I met Wendy at an event where I was giving healings. Wendy had just moved to California from the Midwest. Her brother had committed suicide only three months before, and they were very close. I felt her pain as her eyes searched mine for answers. Her life felt like it was unraveling. She felt as though she was being swept downstream and there were no branches to reach for. I tried to schedule time with her, because I could see how badly she needed it. But she refused, saying she just could not come if she could not pay me, and her job didn’t start for another four weeks.
Since she wouldn’t schedule sessions with me we talked on the phone instead. Even on the phone I could tune into her and feel her pain, and I was provided with just the right words to say. I don’t think any one person can give you peace. We need to find it within ourselves, but a little help along the way can be good. Over several conversations I was able to help Wendy find ways to achieve a sense of balance and peace in her life.

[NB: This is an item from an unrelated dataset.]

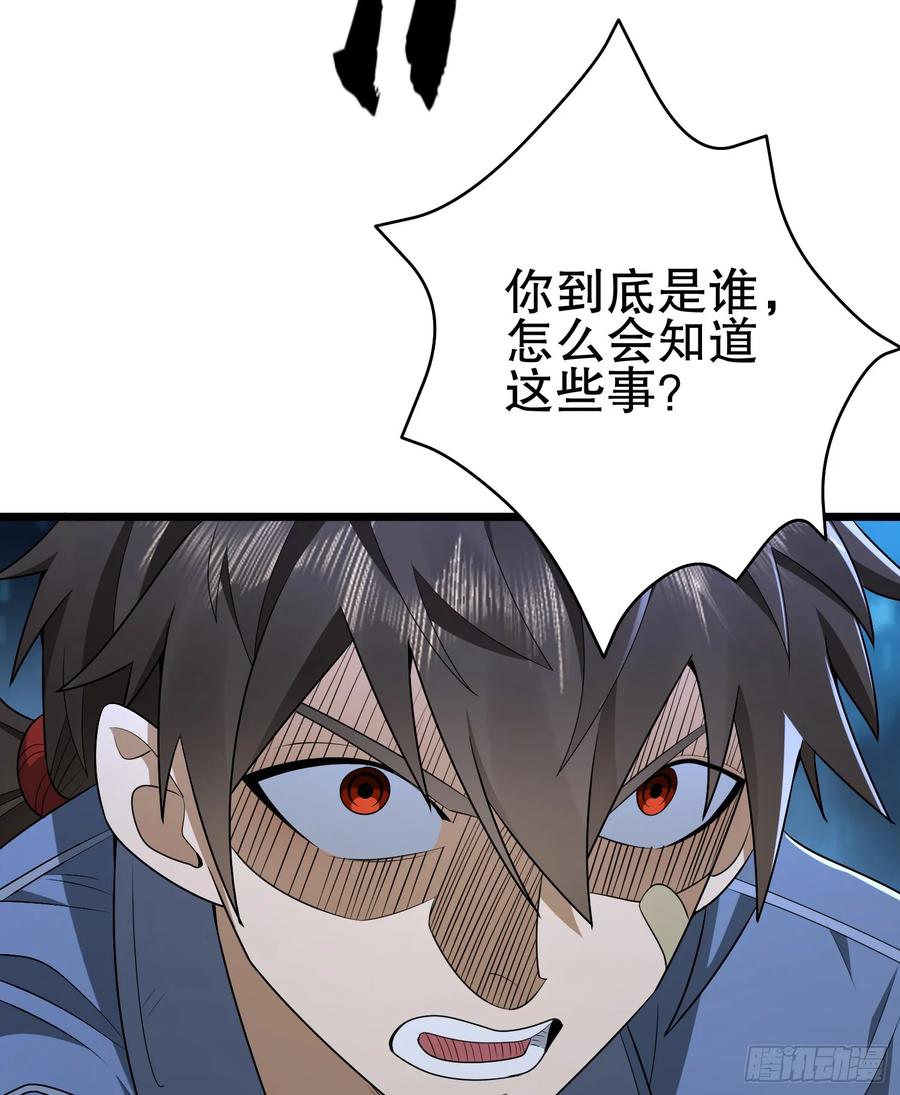 第一序列 第233话 232 我看你有血光之灾 第10页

Grief shows up in our life at many different times and not just with death. Elizabeth Kubler-Ross’s model of the five stages of grief can be helpful to refer to when you or a loved one are struggling with the journey through grief. Notice I say through, because grief can never ever be walked around. You have to move through it, as it will reappear when you least expect it.
The five stages of grief are denial, anger, bargaining, depression and acceptance. These stages can overlap, intermingle, and sometimes we may move back and forth between them, there is no right or wrong way to do this. These stages can be a guideline. We all seem to experience them as we move through grief, though each person’s experience is unique. If you are able to prepare for the death of a loved one it makes the process a little easier. Anticipatory Grief is a term used to describe preparing for the death of another person. I am not sure HOW much easier it makes it on us. Maybe it just puts us a little ahead in the process by the time it happens, though I don’t think anything could have prepared me for the loss of my mother. Knowledge may help prepare the mind, but the heart is an essence and energy that we have no control over.
Whether we get the chance to prepare or not, especially with sudden death as in suicide, or a sudden terminal illness that moves very quickly, grief comes, and having support is a must. In preparing for my own mom’s passing I discovered that what others say and what I know comes from the heart: grief comes in waves, some days they crash and other days they are just lapping at the shore.
I run into people all the time who, especially if I am wearing my hospice badge, want to talk about an experience they had. Rarely have I heard that someone had a bad experience with hospice. People always tell me how wonderful the hospice team was to them and how they helped them with their mom, dad, grandma, and grandpa. They always bless me and thank me for doing the work I do, and I sense these folks are doing okay with their grief process at that moment in time. Then there are others, where time has gone by and they say to me, “It’s been a year. I should be doing better.”
My first words to them are always, “You get to take as much time as you need. There is no set time to grieve. There is no being done or finished with grieving. Over the years its gets a little easier, that’s all.”